Dalam karya ini, penulis berusaha menghadirkan so­sok Ibn Arabi tidak dari konsep-konsep ajarannya yang rumit, yaitu menem­patkan Ibn Arabi sebagai seorang sufi yang berada di menara gading, sebagai­mana anggapan banyak orang. Tetapi, dengan cerdas sang penulis menghadirkan ajaran-ajaran kesufian sang sufi ini melalui potret kehidu­pannya sehari-hari. Kehidu­pan yang dijalani oleh Ibn Arabi ketika berproses untuk men­jadi se­orang sufi. Begitu juga ketika dia bertemu dan berbin­cang-bincang dengan para sufi pada masanya. Serta, mereka mender­makan hidupnya untuk keshalehan kemanu­siaan yang universal melalui dunia tasawuf yang ditekuni.

Keshalehan Spiritual dan Sosial

Bentuk keshalehan spiritual dan sosial para sufi tercermin dari cara para guru sufi Ibn Arabi yang selalu mendermakan keshalehannya untuk orang lain. Salah satunya, yaitu Abu al-‘Abbas al-‘Uryabi ketika diminta untuk shalat istisqa’ (meminta hujan) bagi penduduk negeri Kitanah. Kata hatinya itu mengantarkan sang Syaikh ke negeri Kitanah. Tapi, ketika sampai di sana, dia tidak diijinkan masuk oleh penjaga pintu. Akhirnya, di tempat itu juga dia melaksanakan shalat istisqa’ tanpa mereka sadari sama sekali. Setelah dia melakukan shalat, segera Allah Swt. menurunkan hujan. Saat itu juga. Setelah melakukan semua itu, Syaikh al-‘Uryabi langsung pulang tanpa sempat menginjakkan kaki di istana Kitanah (hlm. 62).

Kiranya penuturan Ibn Arabi sudah jelas. Pertolongan yang diberikan oleh Syaikh al-‘Uryabi adalah bentuk laku keshalehan spiritual sekaligus sosial. Sesuatu yang sepenuhnya hanya dilandaskan dan dimaksudkan untuk mendapatkan ridha Allah Swt. Dalam melakukan itu semua, dia tak mempedulikan rintangan dan hambatan yang membentang.

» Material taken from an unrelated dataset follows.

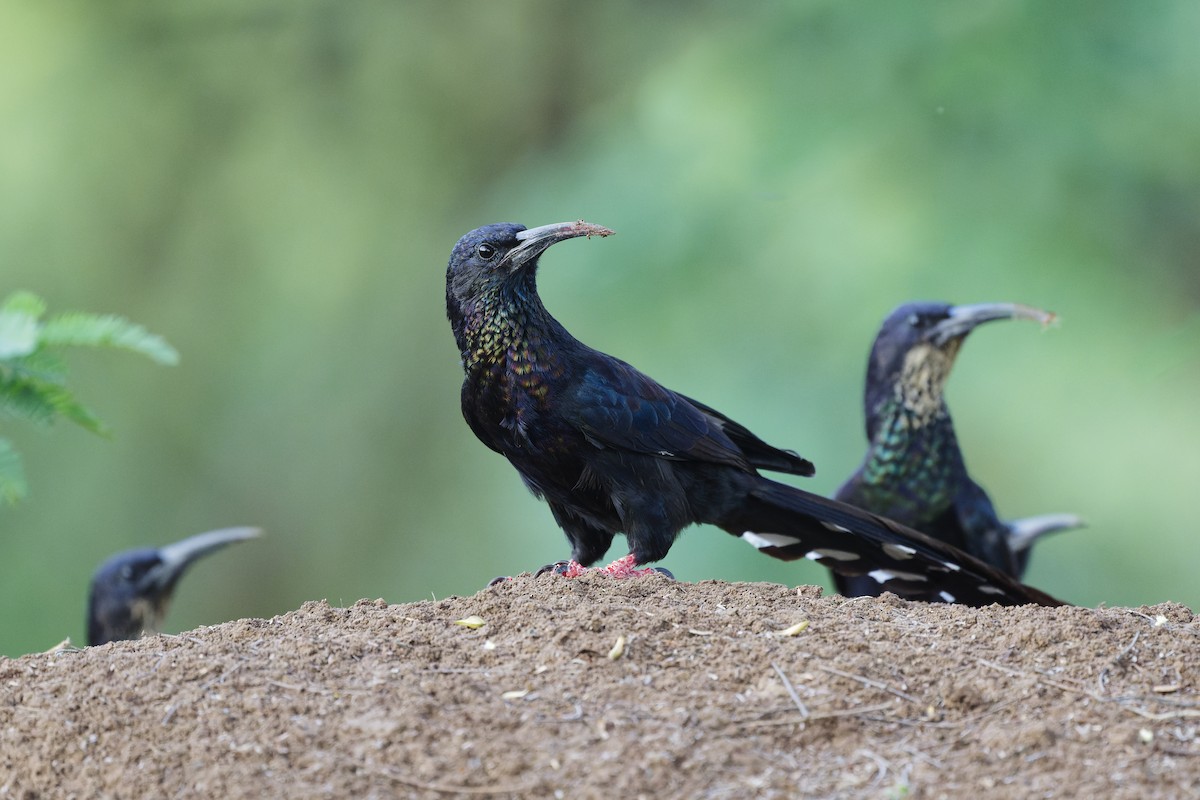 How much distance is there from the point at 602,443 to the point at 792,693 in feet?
5.43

Bukan hanya itu, perlakuan kasar yang diterimanya tak membuatnya sakit hati, sehingga dia mengurungkan niatnya untuk menolong mereka dengan memintakan hujan. Sedangkan yang terjadi malah sebaliknya. Sikap mereka yang kasar semakin membuatnya semakin kukuh untuk menjalankan perintah yang diterimanya untuk melakukan shalat istisqa’.

Selain Syaikh al-‘Uryabi sebagai guru sufi teladan Ibn Arabi yang memiliki keshalehan spiritual dan sosial, yaitu Syaikh as-Syarafi yang memiliki karamah doa. Melalui karamah doanya, jinten hitam seorang anak fakir yang tidak laku di pasaran menjadi laris dengan harga yang tinggi. Sehingga dari hasil penjualan jinten hitam tersebut cukup untuk memenuhi kebutuhan hidup keluarga sang bocah (hlm. 188).

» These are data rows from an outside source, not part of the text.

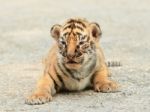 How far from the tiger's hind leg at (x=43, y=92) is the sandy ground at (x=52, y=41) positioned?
85mm

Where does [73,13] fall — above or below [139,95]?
above

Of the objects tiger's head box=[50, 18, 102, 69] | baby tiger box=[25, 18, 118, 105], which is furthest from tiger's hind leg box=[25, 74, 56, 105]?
tiger's head box=[50, 18, 102, 69]

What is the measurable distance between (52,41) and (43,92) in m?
5.95

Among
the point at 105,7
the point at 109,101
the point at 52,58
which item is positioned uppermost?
the point at 105,7

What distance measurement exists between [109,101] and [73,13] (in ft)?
37.2

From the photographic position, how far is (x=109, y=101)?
7.80 meters

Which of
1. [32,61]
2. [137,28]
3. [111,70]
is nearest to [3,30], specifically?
[137,28]

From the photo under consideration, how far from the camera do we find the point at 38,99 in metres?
7.64

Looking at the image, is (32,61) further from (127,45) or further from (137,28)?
(137,28)

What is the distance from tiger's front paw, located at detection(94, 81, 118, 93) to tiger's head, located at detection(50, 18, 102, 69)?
0.45 meters

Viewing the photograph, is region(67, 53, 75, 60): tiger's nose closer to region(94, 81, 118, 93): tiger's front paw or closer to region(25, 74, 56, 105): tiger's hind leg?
region(25, 74, 56, 105): tiger's hind leg

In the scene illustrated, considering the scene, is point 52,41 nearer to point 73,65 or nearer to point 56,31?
point 56,31

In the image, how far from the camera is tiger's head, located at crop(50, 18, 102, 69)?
25.2 ft

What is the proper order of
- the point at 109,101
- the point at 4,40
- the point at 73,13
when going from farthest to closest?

Kenyataan ini yang dite­kankan oleh Ibn Arabi dari kisah-kisah perjalanan kesu­fian dalam buku ini. Semua laku kemanusiaan yang dice­ritakan tak lain hanya untuk mendapatkan ridha Allah Swt. Bukan untuk men­dapatkan pujian dari lisan manusia. Dari kenyataan ini, maka Allah segera menga­bulkan doa Syaikh al-‘Uryabi dan Syaikh as-Syarafi. Doa itu terka­bulkan seketika itu juga.

Ada sekitar delapan belas tokoh sufi yang dija­dikan bahan refleksi diri oleh penulis melalui cerita Ibn Arabi dalam karya ini. Hal tersebut sebagai cermin kesufian yang benar-benar agung dan mulia, baik dari sisi ketuhanan yang hakiki atau kemanusiaan yang universal. Sehingga patut untuk kita teladani dalam menjalani laku kehidupan sehari-hari.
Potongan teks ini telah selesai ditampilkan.